ENTRIES SHOWN »
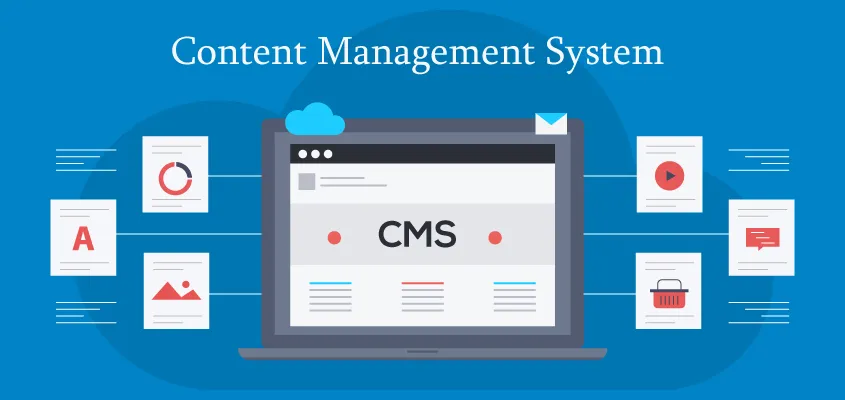 Content Management System (CMS) diagram showing a laptop screen with 'CMS' and content files (documents, graphs, images, shopping cart) flowing around it, symbolizing centralized content creation and distribution.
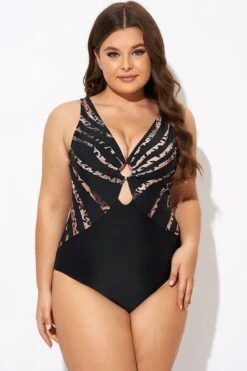 Pattern Ring Plunge Women One Piece Swimsuit -Bikini Bliss Shop b deop061003 4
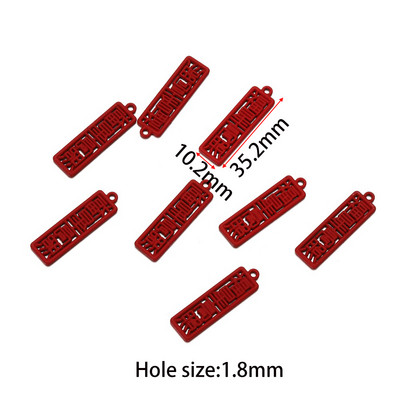 10db piros kínai stílusú medál kiváló minőségű téglalap Best Wishes címke Zománc Charm Diy fülbevaló ékszer kiegészítők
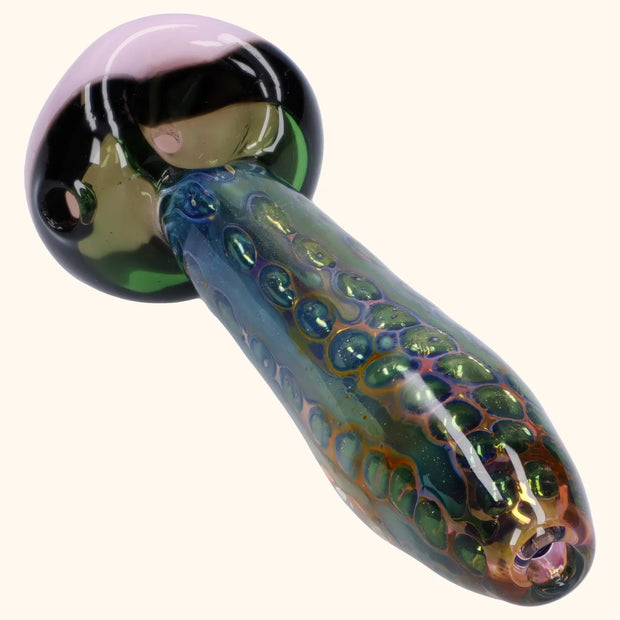 Gold Fume Double Blown Bubble Trap Pipe - 4.5 in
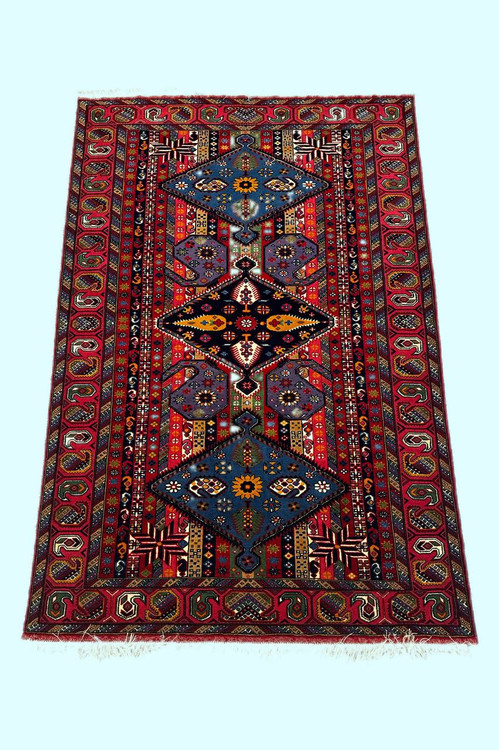 فرش دستباف 2.8متری چله و گل ابریشم نقش ترنجی رنگ طبیعی کد 0700090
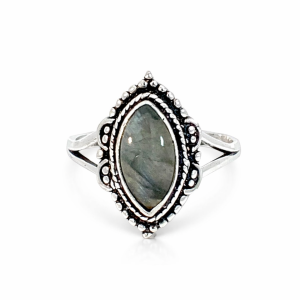 925 LABRADORITE MARQ VINTAGE RING - 19MM <br/>M14205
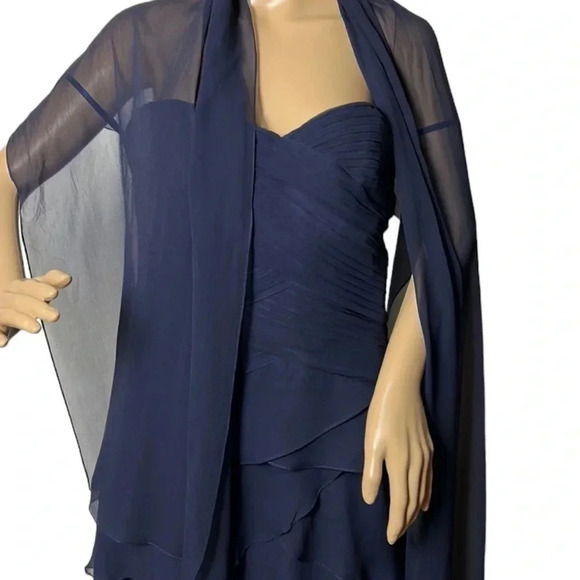 JOVANI NY Blue 100 SILK event dress .Strapless maxi with pleats and shawl - Picture 15 of 15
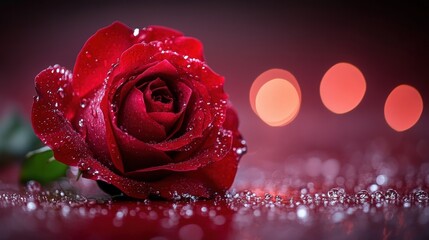 Close-up of a vibrant crimson rose with water droplets.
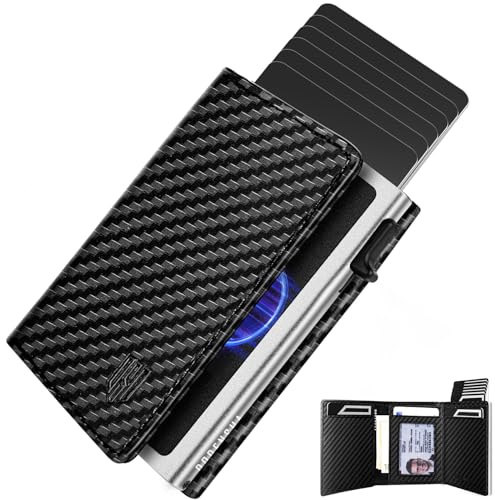 DODENSHA MagSnap Portmonee Herren I Slim Wallet mit Münzfach I Kreditkartenetui Geldbeutel für 10+ Karten I Magnetischer Verschluss Geldbörse Herren I RFID Schutz I CarbonSilber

ACTIVITY » From the line that holds "Pattern Ring Plunge" to the last line of the records, please copy each line exactly and nothing else. Pictures stay out.

PROBLEM SOLUTION »
 Pattern Ring Plunge Women One Piece Swimsuit -Bikini Bliss Shop b deop061003 4
 10db piros kínai stílusú medál kiváló minőségű téglalap Best Wishes címke Zománc Charm Diy fülbevaló ékszer kiegészítők
 Gold Fume Double Blown Bubble Trap Pipe - 4.5 in
 فرش دستباف 2.8متری چله و گل ابریشم نقش ترنجی رنگ طبیعی کد 0700090
 925 LABRADORITE MARQ VINTAGE RING - 19MM <br/>M14205
 JOVANI NY Blue 100 SILK event dress .Strapless maxi with pleats and shawl - Picture 15 of 15
 Close-up of a vibrant crimson rose with water droplets.
 DODENSHA MagSnap Portmonee Herren I Slim Wallet mit Münzfach I Kreditkartenetui Geldbeutel für 10+ Karten I Magnetischer Verschluss Geldbörse Herren I RFID Schutz I CarbonSilber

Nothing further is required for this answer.